Let $A$ be an operator: $$ A:D(A)\to R(A) $$ where $D(A)$ and $R(A)$ are respectively the domain and the range of $A$ and they are subspaces of a Hilbert spcae $(H,\|\|)$.

Suppose that $A$ is a closable operator, prove that the domain $D(\bar A)$ can be obtained as the closure of $D(A)$ by the norm $(\|Au\|^2+\|u\|^2)^{\frac 1 2}$ where $\bar A$ is the smallest closed extension of the operator $A$. My problem is that I can't figure out how the domain $D(\bar A)$ can be obtained from an other domain $D(A)$, what can be the relation ? any help or simply a hint will be great thank you for your time.

Answer 1

By definition, the graph of $\overline{A}$ is the closure of the graph of $A$. That means $(x,y)$ is in the graph of $\overline{A}$ iff there is a sequence $x_n \in D(A)$ such that ...

Answer 2

What I am going to say isn't anything new, but sometimes it helps to look more abstractly to see the big picture. Consider a linear map $A : \mathcal{D}(A) \subseteq X \rightarrow Y$ where $X$ and $Y$ are Banach spaces. The graph of $A$ is $\mathscr{G}(A)=\{ (x,Ax) \in X \times Y : x \in \mathcal{D}(A) \}$. The graph is a linear subspace of $X\times Y$.
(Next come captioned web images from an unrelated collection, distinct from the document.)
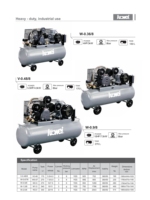 Compresseur d'air industriel portable à piston entraîné par courroie Luowei 4HP 8 bars, conception robuste, certifié CE, pour réparations automobiles
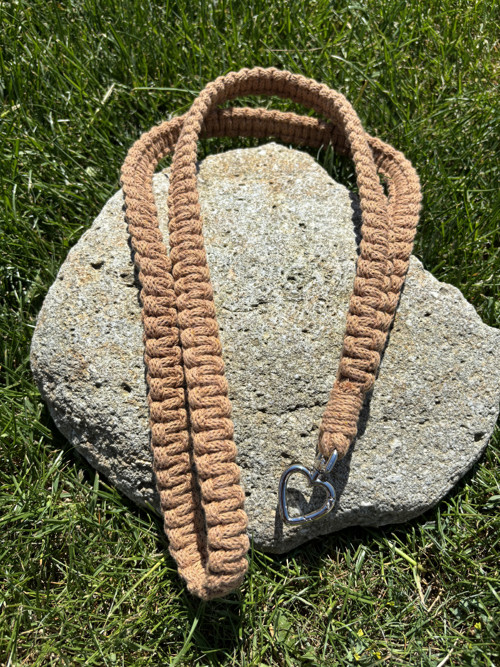 Macrame popruh na mobil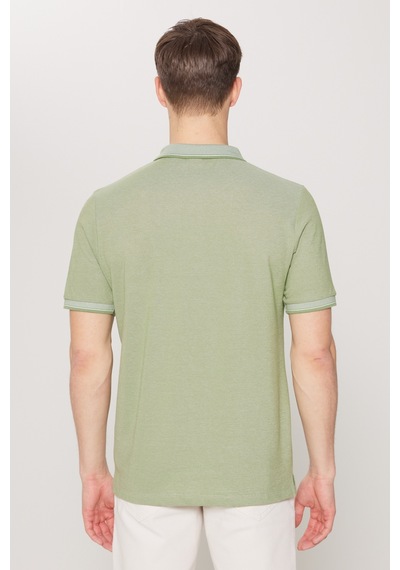 Ac&Co / Altınyıldız Classics Erkek Yeşil Polo Yaka Cepli Regular Fit Bol Kesim Düz Tişört 4A4820200004YslxXL Yeşil Ac&Co / Altınyıldız Classics Erkek Yeşil Polo Yaka Cepli Regular Fit Bol Kesim Düz Tişört 4A4820200004YslxXL Yeşil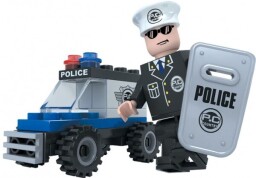 Dromader Stavebnice Policejního auta
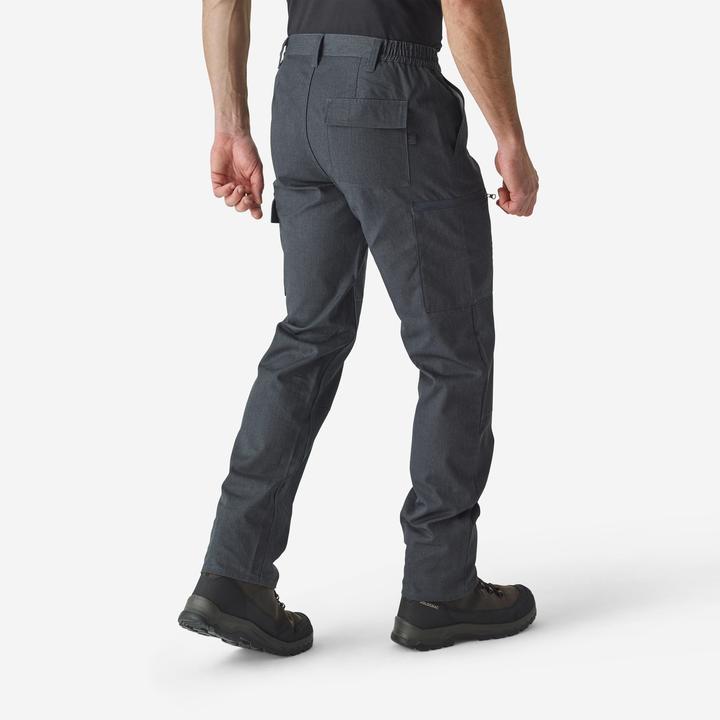 Actual product image Solognac Trousers Steppe 300 Regular grey (XXL)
What's interesting is that any linear subspace $\mathcal{M}$ of $X\times Y$ is a graph $\mathscr{G}(B)$ of some $B:\mathcal{D}(B)\subseteq X\rightarrow Y$ iff the only element of the form $(0,y)$ which is in $\mathcal{M}$ is the one where $y=0$. The domain $\mathcal{D}(B)$ in this case is $\{ x \in X : \exists y \in Y \mbox{ such that } (x,y) \in \mathcal{M} \}$. For $\mathcal{D}(B)$ as defined, there exists a unique $y \in Y$ such that $(x,y) \in \mathcal{M}$ because $(x,y),(x,y')\in\mathcal{M}$ implies $(0,y-y')\in\mathcal{M}$ and, hence, $y-y'=0$. Furthermore this unique correspondence $x\in\mathcal{D}(B)\mapsto y$ is linear because $\mathcal{M}$ is linear (easy exercise.)

When you form the closure $\mathscr{G}(A)^{c}$ in $X\times Y$ of the graph $\mathscr{G}(A)$ of a linear operator $A : \mathcal{D}(A)\subseteq X\rightarrow Y$, you get another graph iff the only element $(0,y) \in\mathscr{G}(A)^{c}$ is where $y=0$. If that is the case, then $\mathscr{G}(A)^{c}=\mathscr{G}(\overline{A})$ for a unique operator $\overline{A} : \mathcal{D}(\overline{A})\subseteq X \rightarrow Y$. The domain of $\overline{A}$ is the set of all first coordinates in the subspace $\mathscr{G}(A)^{c}$, which is the most that you can say in general.